Short text fragments from websites
>>

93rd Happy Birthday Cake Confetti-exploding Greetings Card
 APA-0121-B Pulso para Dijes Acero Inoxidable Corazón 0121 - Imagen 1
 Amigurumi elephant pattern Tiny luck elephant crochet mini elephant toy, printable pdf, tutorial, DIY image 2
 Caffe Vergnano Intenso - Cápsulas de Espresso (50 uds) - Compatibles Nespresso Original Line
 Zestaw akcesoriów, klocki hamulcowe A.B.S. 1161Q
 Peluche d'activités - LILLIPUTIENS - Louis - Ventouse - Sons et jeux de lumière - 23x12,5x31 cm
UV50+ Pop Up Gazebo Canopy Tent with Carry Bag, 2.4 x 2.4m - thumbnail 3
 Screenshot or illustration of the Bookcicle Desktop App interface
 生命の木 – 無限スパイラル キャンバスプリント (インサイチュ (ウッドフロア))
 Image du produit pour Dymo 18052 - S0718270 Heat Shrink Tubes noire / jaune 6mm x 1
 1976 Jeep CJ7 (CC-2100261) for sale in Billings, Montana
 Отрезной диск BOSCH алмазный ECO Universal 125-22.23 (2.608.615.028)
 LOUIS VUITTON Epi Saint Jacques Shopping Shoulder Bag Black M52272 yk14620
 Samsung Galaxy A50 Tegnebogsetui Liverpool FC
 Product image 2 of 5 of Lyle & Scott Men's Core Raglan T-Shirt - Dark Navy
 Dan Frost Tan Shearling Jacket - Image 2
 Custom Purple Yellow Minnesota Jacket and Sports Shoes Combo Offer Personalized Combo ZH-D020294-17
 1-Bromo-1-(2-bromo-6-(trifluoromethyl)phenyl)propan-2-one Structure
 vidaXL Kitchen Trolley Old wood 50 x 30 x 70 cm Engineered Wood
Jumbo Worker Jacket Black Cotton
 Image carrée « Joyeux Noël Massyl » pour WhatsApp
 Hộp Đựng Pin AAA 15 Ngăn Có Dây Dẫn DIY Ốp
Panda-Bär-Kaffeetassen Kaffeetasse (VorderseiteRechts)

<<

● WHAT IS BEING ASKED: Transcribe all entries exactly as they appear above.

● EXPECTED ANSWER:
93rd Happy Birthday Cake Confetti-exploding Greetings Card
 APA-0121-B Pulso para Dijes Acero Inoxidable Corazón 0121 - Imagen 1
 Amigurumi elephant pattern Tiny luck elephant crochet mini elephant toy, printable pdf, tutorial, DIY image 2
 Caffe Vergnano Intenso - Cápsulas de Espresso (50 uds) - Compatibles Nespresso Original Line
 Zestaw akcesoriów, klocki hamulcowe A.B.S. 1161Q
 Peluche d'activités - LILLIPUTIENS - Louis - Ventouse - Sons et jeux de lumière - 23x12,5x31 cm
UV50+ Pop Up Gazebo Canopy Tent with Carry Bag, 2.4 x 2.4m - thumbnail 3
 Screenshot or illustration of the Bookcicle Desktop App interface
 生命の木 – 無限スパイラル キャンバスプリント (インサイチュ (ウッドフロア))
 Image du produit pour Dymo 18052 - S0718270 Heat Shrink Tubes noire / jaune 6mm x 1
 1976 Jeep CJ7 (CC-2100261) for sale in Billings, Montana
 Отрезной диск BOSCH алмазный ECO Universal 125-22.23 (2.608.615.028)
 LOUIS VUITTON Epi Saint Jacques Shopping Shoulder Bag Black M52272 yk14620
 Samsung Galaxy A50 Tegnebogsetui Liverpool FC
 Product image 2 of 5 of Lyle & Scott Men's Core Raglan T-Shirt - Dark Navy
 Dan Frost Tan Shearling Jacket - Image 2
 Custom Purple Yellow Minnesota Jacket and Sports Shoes Combo Offer Personalized Combo ZH-D020294-17
 1-Bromo-1-(2-bromo-6-(trifluoromethyl)phenyl)propan-2-one Structure
 vidaXL Kitchen Trolley Old wood 50 x 30 x 70 cm Engineered Wood
Jumbo Worker Jacket Black Cotton
 Image carrée « Joyeux Noël Massyl » pour WhatsApp
 Hộp Đựng Pin AAA 15 Ngăn Có Dây Dẫn DIY Ốp
Panda-Bär-Kaffeetassen Kaffeetasse (VorderseiteRechts)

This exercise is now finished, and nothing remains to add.